Another big difference between America and England is how polite everyone is. Although Americans are not as blunt as other areas of the world, we get to the point quicker than English people. I’ve found that when asked to perform a task or receiving review comments it is often followed with “if that’s okay?” The sarcastic side of me wants to see if it really is voluntary and respond that it is not okay, but I might save that for a month or two down the line. Additionally, for the first few days out at a client every time someone would get up to go get a drink they would ask if anyone else wanted anything. This quickly lead to learning my new favorite activity at work, tea rounds, mainly due to something called tea round questions. One person in the room will pose a question with a numerical answer via e-mail to everyone who drinks hot drinks. Everyone then submits their answer and the furthest from the correct answer has to make drinks for anyone who wants one. The person who lost the tea round gets to pose the next question and are exempt from making drinks. Some of my favorites so far:

Q: If a Premier League team of 11 players is to be made, using the most expensive player bought in each position this summer, what is the total cost of the team using a 4-4-2 formation?
A: £397.8m (my favorite because it was the very first one we did and I was closest)

Q: How many hamburgers does McDonalds sell per second?
A: 75. This one had some truly fantastic responses ranging from 10,000 to 2,592,000 which, when calculated out, means every single person in the world is eating 30 McDonalds hamburgers every day.

Q: According to a 2012 report, how many gallons of beer did Americans drink during 2011 (posed by me, resulting in some confusion due to the unit conversion)?
A: 6.3 billion gallons

What they say about English people is true, they do drink a lot of tea as we are sent about five tea round questions every day.
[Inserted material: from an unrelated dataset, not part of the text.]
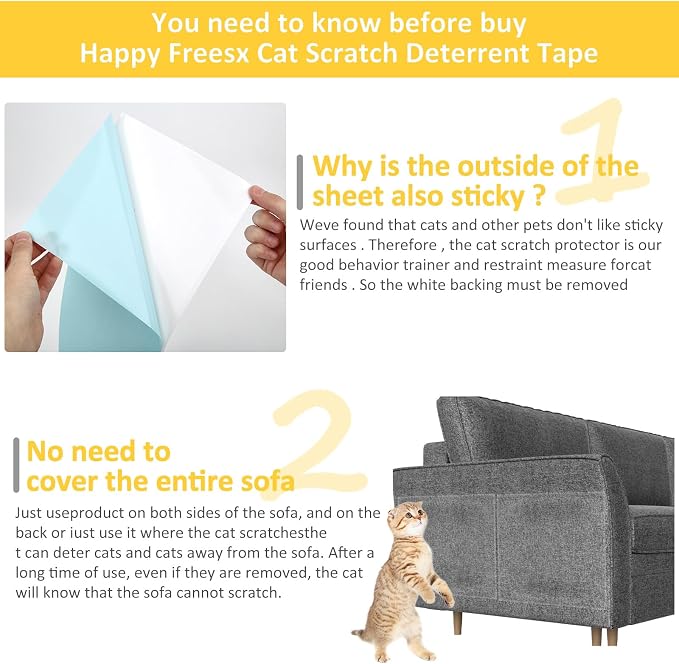 XMZCYMyo Anti Cat Scratch Furniture Protectors, 11PCS Cat Scratch Deterrent Tape, Couch Corner Protectors for Cats, Double Sided Sofa Anti Scratching Sticky Tape - Image 6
In terms of accommodations, Cooper Parry set me up in a very nice two bedroom apartment and provided me a BMW for transportation (any lower class car would have required a manual transmission). The apartment is conveniently within walking distance of Castle Donington’s quaint main street with several restaurants and pubs. Using the bus, I was able to spend two weekends exploring Nottingham and Wollaton Hall Gardens, and Deer Park. The Nottingham Food and Drink Festival took place on the Wollaton Hall grounds the first weekend I was here. Wollaton Hall itself is a beautiful Elizabethan country house converted into a natural history museum and most popularly known for being featured in The Dark Knight Rises as the latest Wayne Manor. The Food and Drink Festival was fantastic and allowed me the opportunity to try some fun local drinks. I could not pass up the garlic stand, and had to try a pint of garlic beer (I do not recommend it). There was woodcutting, cooking demonstrations, wine tastings, and dozens of food vendors to try. It was a great introduction to the area, and I am getting full just thinking about it.

Nottingham itself is a great bustling area. The Saturday I went led me to a small festival in the middle of the town with pop up restaurants, street performers, and plenty of rides. The main reason for my visit to Nottingham was to see Nottingham Castle and the City of Caves. Unfortunately, the castle is closed until 2020 for renovations but I did have the chance to take a tour of the caves underneath Nottingham. This revealed a huge network winding around underneath the city that was used for leather making, pub storage, secret illegal meetings, and a bomb shelter during World War II. After the tour I took a couple recommendations from my coworkers and had a few pints at the oldest pub in England, Ye Olde Trip to Jerusalem, which claims to have been established in 1189 AD.

Since I am on a large client, I have been with several of the same people for multiple weeks, which has allowed me to get to know some of my coworkers better. They have been incredibly welcoming, so much so that when I mentioned I was planning to make my way to Manchester this most recent weekend, one of the associates, Jacob, offered to come along since he was planning to head up as well. We met up with one of his friends and proceeded to go on a pub-crawl, which led us to five or six different pubs, concluding at The Principal Manchester, which had an outdoor party we happened upon.

I am looking forward to a couple more months at Cooper Parry, and hopefully will have some stories to share about the office culture once I spend some time in the office (my goal is to try out a nap pod). For now, send me your tea round questions and I will let you know what the guesses are like.